During the recent 2 years, I have been interning in a statistical machine translation team of Youdao Inc. There, I brought up 2 language pairs (Spanish-Chinese and Russian-Chinese) into online services [1]. With that chance, I explored the whole pipeline of a statistical machine translation system, including bilingual data crawling and filtering , word alignment, model extraction, and parameter tunning, etc. Such experience can help me to understand Apertium more quickly.

I also used Map-Reduce framework to process large amounts of text, to improve the Ngram language models. Finally it gained a +0.5 BLEU quality improvement and did well in human judgements for the Chinese-English translation. During the project, I watched and analysed a lot of raw text and ngram data, read many papers on data selection and domain adaptation, and conducted various kinds of experiments on text filtering and cleaning. Thanks to that project, it made me form a habit of analysing bad cases and data. Such experience may help me to debug and analyse cases more efficiently.
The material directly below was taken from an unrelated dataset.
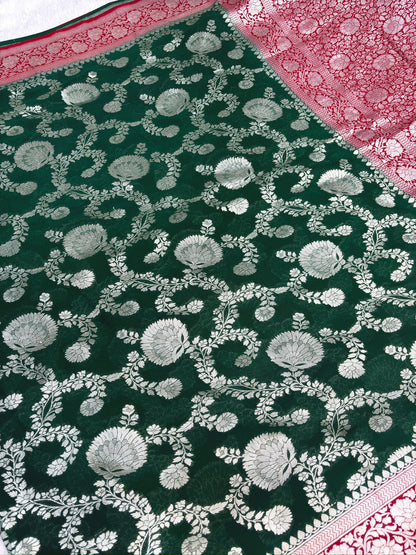 Bridal Red & Emerald Green Khaddi Georgette Banarasi Saree with Rich Zari Weaving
Besides, I also took part in a project for speeding up the translation decoder, and gained a significant 2x efficiency improvement at very little quality cost. We watched a lot of bad cases, analyse them linguistically, and finally we made a good balance between translation qualitiy and speed. Such experience may help in the implementation efficiency.

During my undergraduate period, I took courses on linguistics, mathematics and computer science, where I got the basic knowledge about languistic analysis and programming. I also took part in the development of some NLP systems, such as the construction of Chinese Concept Dictionary, which is a WordNet-like Chinese ontology, a lexical similarity computation software written in Java, and especially, an supervised HMM PoS tagger written in C++. The linguistic background and the coding experiences can help me to better understand the SWPoST and benifit the implementation.

As to the coding skills, I have 3 years' experience programming in Java and C++, and I am also familiar with basic Python and Bash for dealing with light-weight tasks.

This is the first time that I take part in an open source project, and I'm excited about it! I have been using open source toolkits for long, for example, the Moses machine translation toolkit, KenLM, OpenNLP toolkit, etc., and they all brought great help to me. I'd be happy to make some contributions to the open source community, and try best to adapt myself to the open source developing environment.

With the knowledge and experiences on natural language processing, I am confident in accomplishing the task well.

List any non-Summer-of-Code plans you have for the Summer

Doing some preparations for seeking a job, because I'm going to graduate next year.